Possibly it needs to be based on location. I live in NoVa. High cost of living. I do see young people working $12/hour jobs and able to move out. How are they doing that? They are working multiple jobs. They have to. A lot of places won't give full time hours to avoid benefits. So no health insurance, hopefully they stay on their parent's plan until age 26. I do know one 28 yo who gave high praise to ACA  for his insurance. Then, they live with multiple room mates. Not one room mate--at least 2. The ones who are managing the best on their own financially have 3 jobs spread over 7 days a week. Really not a great way to live. And unless you are very strategic about these jobs, there's no way to move up and out of the situation. 

 

Since I work in places that offer some of these crappy wages, I have some ideas about workers not being motivated, not putting in effort etc. It is true some people are lazy and do just enough. However, it is also true some places of employment have no path to better oneself. Why work hard if you will never be promoted or have a chance to do more. Good managers help workers see a path to better. They recognize one way to motivate is help provide that path out:

1. show workers how promotions are made, explain exceptional work leads to supervisory work, which may not pay more, but gives good experience for other promotions. 

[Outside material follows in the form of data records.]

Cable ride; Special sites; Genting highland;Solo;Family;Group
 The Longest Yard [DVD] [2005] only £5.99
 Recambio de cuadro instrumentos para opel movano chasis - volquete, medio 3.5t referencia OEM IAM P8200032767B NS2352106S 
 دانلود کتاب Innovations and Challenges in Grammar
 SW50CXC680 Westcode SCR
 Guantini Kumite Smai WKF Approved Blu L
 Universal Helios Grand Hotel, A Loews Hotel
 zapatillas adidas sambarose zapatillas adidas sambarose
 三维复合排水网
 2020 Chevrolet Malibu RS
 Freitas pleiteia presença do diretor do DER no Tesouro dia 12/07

2. make opportunities for cross training through the company available. Some jobs may not need skills like knowing how to use microsoft office or other software, but if the training is available, make it available to people in a variety of positions so they can switch job. 

3. give workers predictable schedules and allow them to ask for schedules that fit school or other job training they are doing whether or not it's related to the company. Many employees are grateful for this and will work hard to keep the privilege. 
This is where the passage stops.